Deals commonly contain both loans and junk, and have since the 1980s LBO era. This dual arrangement gives the capital structure more diversification, with loans providing interest-rate protection and bonds the chance of more capital appreciation. The mix is tilting toward loans, however.

Tellingly, a Blackstone Group-led buyout of the Thomson Reuters data business called Refinitiv is made up of far more loans than bonds. Announced in September, the deal has $9.25 billion in loans and $4.25 billion in bonds. This transaction, the largest leveraged buyout of 2018, gives Blackstone and its partners a 55% stake in Refinitiv. There are several tiers of bonds and loans—the biggest junk stratum has an 8.25% coupon and the biggest leveraged loan one is 3.75 percentage points over Libor, which currently means an interest rate of 6.19%.


From issuers’ and investors’ perspectives, the growing popularity of leveraged loans, compared to high-yield bonds, can be explained this way:

For Borrowers. Obviously, corporate issuers like loans’ lower rates, which holds down their interest outlays. Beyond that, loans are callable from the get-go, a flexibility that is appealing to companies. If interest rates dip, and issuers wants to refinance, then it is easy.

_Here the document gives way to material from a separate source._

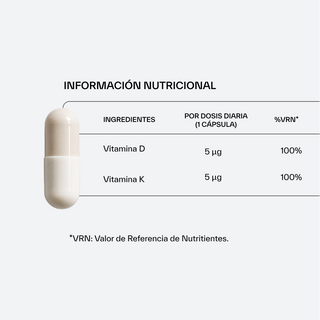 Vitamin D3 + K2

Bonds, on the other hand, typically aren’t callable for three to five years. LBO operators often want to sell their acquisitions around three years after the deal, so they are boxed in with bonds, said George Goudelias, head of leveraged finance at Seix Investment Advisors.

For Investors. The floating rates, at least at a time that rates are ascending, is comforting. Loan payments will keep up with the market. Further, once a recession hits, pushing many speculative-grade companies into default or bankruptcy court, loans offer better protection for investors than bonds.

The reason: Loans are secured debt and rank higher in the credit spectrum than bonds do. Thus, chances are investors will tend to come out better. How much better? Moody’s data indicate that investors historically have recovered 77% of a leverage loans value, and junk bonds about half that. A word of caution: The credit-rating agency warns the increased issuance has led to a decline in loan credit quality, and the recovery rate might slip to 61%.

The bright side, Aegon’s Schaeffer pointed out, is that loan covenants—limitations on what issuers can do—are a lot less constraining these days for many loans and bonds. “Covenant lite,” he added, “will buy them time,” giving managements more leeway to fix problems before defaulting.

To be sure, once rates stop climbing and M&A flags, loans will lose some of their desirability. Right now, though, as their volume keeps growing, time is on leveraged loans’ side.